Later, you can use such context with, for example, Redis client:

import "github.com/go-redis/redis/v8"

rdb := redis.NewClient(...)

ctx := context.Background()
ctx, cancel := context.WithTimeout(ctx, 3*time.Second)
defer cancel()

val, err := rdb.Get(ctx, "redis-key").Result()

At first glance, the code above works fine. But what happens when rdb.Get operation exceeds 1 second timeout?

Context deadline exceeded

When context is cancelled, go-redis and most other database clients (including database/sql) must do the following:

  1. Close the connection, because it can't be safely reused.
  2. Open a new connection.
  3. Perform TLS handshake using the new connection.
  4. Optionally, pass some authentication checks, for example, using Redis AUTH command.

Effectively, your application does not use the connection pool any more which makes each operation slower and greatly increases chances of exceeding the timeout again. The result can be disastrous.

Technically, this problem is not caused by context.Context and using small deadlines with net.Conn will have the same problem.

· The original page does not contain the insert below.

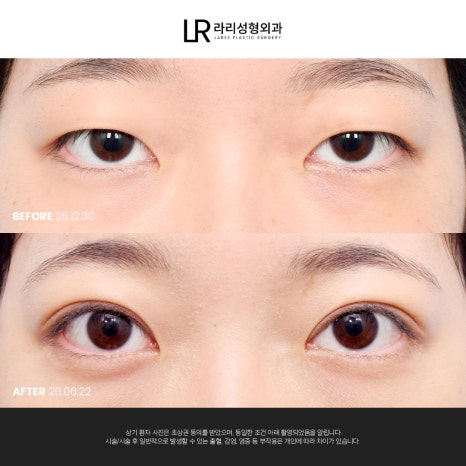 [라리성형외과] 쌍꺼풀수술 전후 사진으로 보는 눈매교정의 중요성 관련 이미지 5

But context.Context imposes a single timeout on all operations so each individual operation has a random timeout which depends on timings of previous operations.

What to do instead?

Your first option is to use fixed net.Conn deadlines:

var cn net.Conn
cn.SetDeadline(time.Now().Add(3 * time.Second))

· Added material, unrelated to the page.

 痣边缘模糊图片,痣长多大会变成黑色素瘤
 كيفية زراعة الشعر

With go-redis, you can use ReadTimeout and WriteTimeout options which control net.Conn deadlines:

rdb := redis.NewClient(&redis.Options{
    ReadTimeout:  3 * time.Second,
    WriteTimeout: 3 * time.Second,
})

Alternatively, you can also use a separate context timeout for each operation:

ctx := context.Background()
op1(ctx.WithTimeout(ctx, time.Second))
op2(ctx.WithTimeout(ctx, time.Second))

And avoid timeouts smaller than 1 second, because they have the same problem. If you must deliver a SLA, you can generate a response in time but let the operation to continue in background:

func handler(w http.ResponseWriter, req *http.Request) {
	// Process asynchronously in a goroutine.
	ch := process(req)

	select {
	case res := <-ch:
		// success
	case <-time.After(time.Second):
		// unknown result
	}
}